SCHWARZENEGGER CONTRO GLI STATI UNITI
LA CALIFORNIA ALLA GUERRA PER L’AMBIENTE

Contro il diffuso disinteresse della politica americana nei confronti delle tematiche ambientali si sono schierati alcuni stati americani, desiderosi di una norme più protettive contro l’inquinamento delle automobili. In testa a questi stati la California del presidente Schwarzenegger, che ha citato in tribunale il governo americano.
di Stefano Zoja
Arnold Schwarzenegger, uno che di battaglie per salvare il pianeta se ne intende, ne ha cominciata una nuova. E questa volta il suo avversario sono gli Stati Uniti. Naturalmente non siamo in un film di fantascienza, ma nell’arena politica americana, nella quale l’ex attore svolge con spirito indipendente il ruolo di governatore (repubblicano) della California, in contrasto con il presidente (repubblicano) degli Stati Uniti.

Non è la prima volta che il governatore si contrappone alla linea legislativa e culturale del governo centrale, ma in questa occasione la sua battaglia si fa ancora più dura per il tema coinvolto: le emissioni di gas serra, il diritto a inquinare, e dietro questo, ancora una volta, il Protocollo di Kyoto, baluardo, anche simbolico, della lotta contro l’emergenza ambientale.

In breve, la California ha l’ostinata intenzione di adottare una legislazione più restrittiva sulle emissioni delle automobili rispetto al governo federale. Proprio perché aspira a una regolamentazione più restrittiva, Los Angeles deve ottenere una deroga dall’Epa (Environmental Protection Agency, il corrispettivo del nostro Ministero per l’Ambiente). Ma la deroga, già in discussione da anni, non arriva. E la California ha sporto denuncia contro il governo federale.

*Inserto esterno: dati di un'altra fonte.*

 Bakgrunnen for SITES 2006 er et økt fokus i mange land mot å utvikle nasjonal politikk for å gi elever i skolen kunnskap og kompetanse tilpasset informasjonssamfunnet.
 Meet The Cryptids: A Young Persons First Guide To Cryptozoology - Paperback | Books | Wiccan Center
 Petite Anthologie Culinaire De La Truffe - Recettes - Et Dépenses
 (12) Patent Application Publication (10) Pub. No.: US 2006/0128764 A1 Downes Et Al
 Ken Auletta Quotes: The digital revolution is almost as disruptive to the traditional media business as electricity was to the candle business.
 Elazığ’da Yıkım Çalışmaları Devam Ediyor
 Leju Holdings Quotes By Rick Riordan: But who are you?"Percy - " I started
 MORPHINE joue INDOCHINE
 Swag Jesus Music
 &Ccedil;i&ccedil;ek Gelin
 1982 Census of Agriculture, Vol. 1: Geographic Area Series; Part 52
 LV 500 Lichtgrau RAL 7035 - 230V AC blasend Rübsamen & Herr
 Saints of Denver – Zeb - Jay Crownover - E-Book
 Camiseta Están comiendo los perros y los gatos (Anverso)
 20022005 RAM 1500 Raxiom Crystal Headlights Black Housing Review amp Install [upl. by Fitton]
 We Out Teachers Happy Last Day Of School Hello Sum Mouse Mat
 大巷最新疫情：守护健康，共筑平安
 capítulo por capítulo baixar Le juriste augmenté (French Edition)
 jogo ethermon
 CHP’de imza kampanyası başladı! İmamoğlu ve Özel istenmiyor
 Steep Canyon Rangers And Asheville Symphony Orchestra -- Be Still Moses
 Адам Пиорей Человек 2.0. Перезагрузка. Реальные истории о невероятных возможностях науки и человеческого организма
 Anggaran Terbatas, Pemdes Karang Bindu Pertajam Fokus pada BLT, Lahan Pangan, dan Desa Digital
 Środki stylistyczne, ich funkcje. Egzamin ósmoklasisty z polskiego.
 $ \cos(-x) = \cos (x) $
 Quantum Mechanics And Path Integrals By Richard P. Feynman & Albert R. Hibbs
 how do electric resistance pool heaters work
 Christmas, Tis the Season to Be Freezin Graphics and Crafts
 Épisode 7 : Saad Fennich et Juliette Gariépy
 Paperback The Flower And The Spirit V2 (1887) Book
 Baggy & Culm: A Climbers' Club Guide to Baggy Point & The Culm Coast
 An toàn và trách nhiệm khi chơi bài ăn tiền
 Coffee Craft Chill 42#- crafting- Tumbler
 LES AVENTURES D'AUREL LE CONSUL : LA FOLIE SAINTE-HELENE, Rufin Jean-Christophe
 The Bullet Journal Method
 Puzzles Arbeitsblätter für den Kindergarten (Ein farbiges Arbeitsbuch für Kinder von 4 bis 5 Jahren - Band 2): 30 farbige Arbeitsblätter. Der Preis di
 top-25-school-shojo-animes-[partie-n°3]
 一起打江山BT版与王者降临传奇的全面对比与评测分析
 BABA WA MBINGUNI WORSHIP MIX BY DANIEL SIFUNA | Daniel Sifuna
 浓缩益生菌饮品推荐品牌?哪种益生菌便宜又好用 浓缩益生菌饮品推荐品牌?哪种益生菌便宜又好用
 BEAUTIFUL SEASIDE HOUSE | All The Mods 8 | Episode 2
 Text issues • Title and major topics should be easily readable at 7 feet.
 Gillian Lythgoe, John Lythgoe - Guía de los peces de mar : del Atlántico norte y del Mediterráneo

Dietro allo stato californiano, uno dei più potenti ed emancipati, dovrebbero riunirsi circa altri quattordici stati (fra cui Illinois, Maine, New York e Vermont che si è già unito alla California), interessati anch’essi a raggiungere l’obiettivo del taglio delle emissioni automobilistiche del 30% entro il 2016.

Un colpo che subirebbero sia la pluriennale politica presidenziale sull’ambiente, sia le case automobilistiche, che si troverebbero costrette a rivedere i propri piani industriali per fornire al mercato quelle automobili che tanti stati, contemporaneamente, si troverebbero a richiedere.
E, spalla a spalla, governo e case automobilistiche, anch’esse ricorse in tribunale, si difendono.

Già nel 2005 la California aveva chiesto di esaminare la possibilità della deroga. Ma l’Epa, non certo nuova nella propria storia a simili deroghe, si era inizialmente dichiarata incompetente sulla materia. Quando la Corte Suprema ha stabilito che l’agenzia poteva deliberare, sono sorti altri impedimenti, nuove attese. “L’Epa si è seduta sulle proprie mani”, ha detto di recente il procuratore federale della California. Finché, pochi giorni fa, lo stato dell’ovest ha citato in giudizio l’Agenzia per l’ambiente.

Siamo dentro un legal thriller in salsa gustosamente americana. Nella “vecchia” Europa, nell’Unione Europea della fusione fredda, dei principi di sussidiarietà o di cooperazione rafforzata, sarebbe difficile immaginare una situazione simile. Per questioni formali, ma anche per motivazioni culturali, sarebbe improbabile vedere la Commissione opporsi alla Germania o alla Francia quando aspirassero a una norma simile, a un impegno più deciso nel nome dell’ambiente.

Gli Stati Uniti, troppo uniti non sono mai stati. Le disparità di visione fra stati progressisti o conservatori, delle coste o dell’interno, su temi di ogni genere, come sulla pena di morte, lasciano intravedere che dietro il moloch americano, con la sua pretesa, e apparentemente compatta, tensione egemonica, esistono realtà profondamente diverse. E che per fortuna, tra queste resiste uno spazio di confronto, e anche di azione indipendente.

Proprio da alcuni di questi stati può venire la spinta che manca a livello nazionale per vedere con occhi nuovi problematiche incancrenite. Ed è proprio questo spazio di espressione, che nella storia gli Stati Uniti hanno consentito al loro interno in diversi ambiti, ad avere contribuito alla costruzione della parte sana del mito americano. Sarebbe un problema se per opportunità politica (o di mercato) perdesse forza questo principio. Ma ultimamente c’è nell’arena un ex attore austriaco-americano, un politico insolito a spendersi per questi principi fondamentali: “Faremo ricorso ancora, ancora e ancora, finché vinceremo”.